The Lunokhod 2 rover, a successor to the first Lunokhod mission in 1970, landed on Earth’s moon on Jan. 15, 1973. Lunokhod 2 drove about 24.2 miles (39 kilometers) in less than five months (five lunar days). This total traverse distance has recently been established with the use of images from NASA’s Lunar Reconnaissance Orbiter (LRO) cameras showing Lunokhod 2′s wheel tracks.
Irina Karachevtseva at Moscow State University of Geodesy and Cartography’s Extraterrestrial Laboratory in Russia, Brad Jolliff of Washington University in St. Louis, Tim Parker of JPL and others collaborated to check that the map-based methods for computing traverse distances are comparable for Lunokhod-2 and Opportunity.

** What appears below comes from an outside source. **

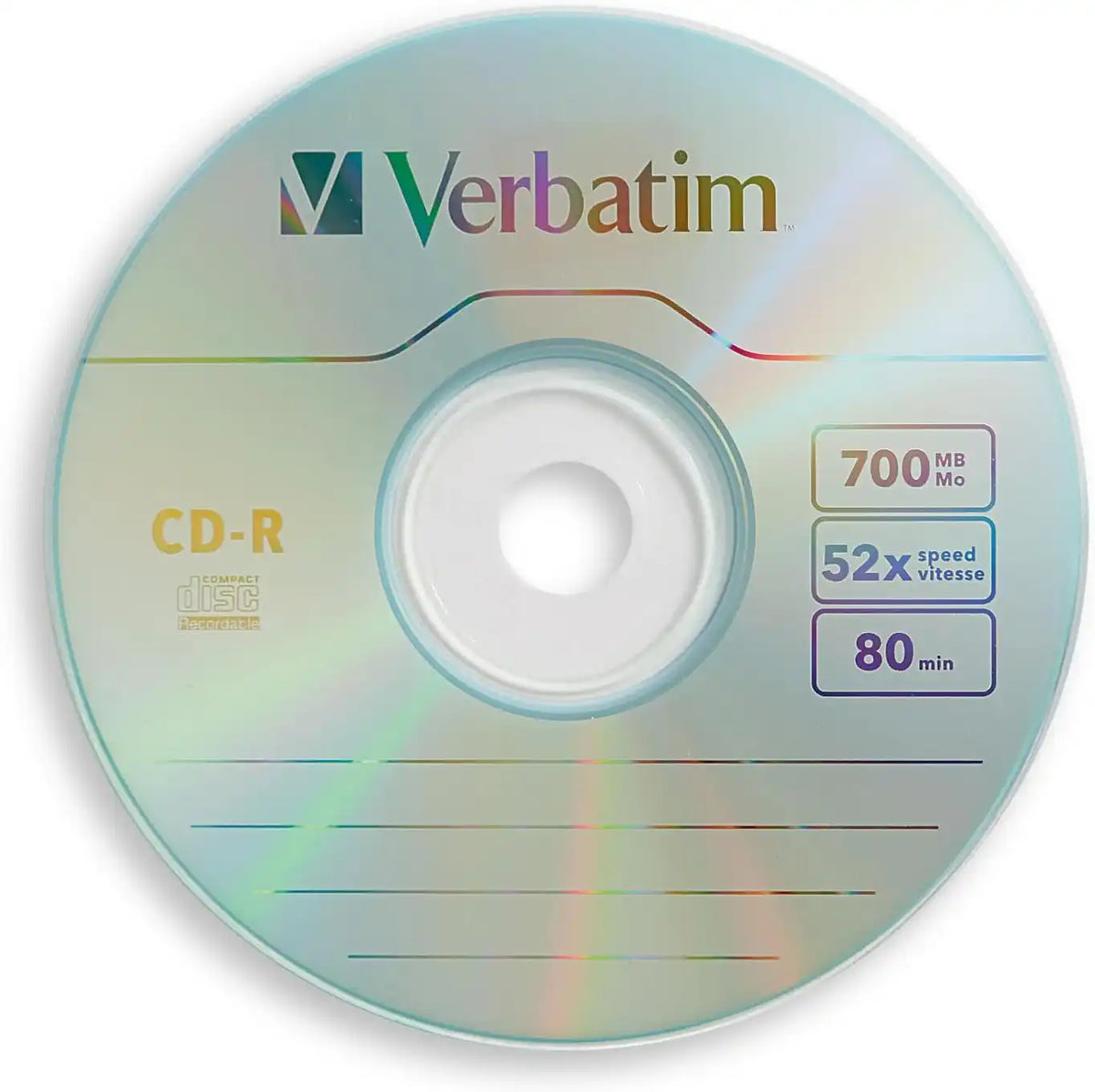 Verbatim CD-R 700MB 80 Minute 52x Recordable Disc for Data and Music - 100 Pack Spindle, Silver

“The Lunokhod missions still stand as one of the signature accomplishments of what I think of as the first golden age of planetary exploration, the 1960s and ’70s,” said Steve Squyres of Cornell University, Ithaca, New York, principal investigator for NASA’s twin rovers, Opportunity and Spirit. “We’re in a second golden age now, and what we’ve tried to do on Mars with Spirit and Opportunity has been very much inspired by the accomplishments of the Lunokhod team on the moon so many years ago. It has been a real honor to follow in their historical wheel tracks.”

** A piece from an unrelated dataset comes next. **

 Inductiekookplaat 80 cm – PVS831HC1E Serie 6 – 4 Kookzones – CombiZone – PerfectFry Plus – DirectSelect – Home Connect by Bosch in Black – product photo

As Opportunity approached the 1973 mission’s mileage record earlier this year, the rover team chose the name Lunokhod 2 for a crater about 20 feet (6 meters) in diameter on the outer slope of Endeavour’s rim on Mars.
“I was part of the science team of both Lunokhod 1 and Lunokhod 2, and I know that rover missions require hard work with a high level of tension, “said Alexander Basilevsky of the Vernadsky Institute in Moscow, deputy leader of the science team for Lunokhod 2.” I would like to express my congratulations to the Opportunity team.”
The Mars Exploration Rover Project is one element of NASA’s ongoing and future Mars missions preparing for the journey to for a human mission in the 2030s. JPL manages the project for NASA’s Science Mission Directorate (SMD), in Washington. NASA’s Goddard Space Flight Center, in Greenbelt, Md., managers LRO for SMD.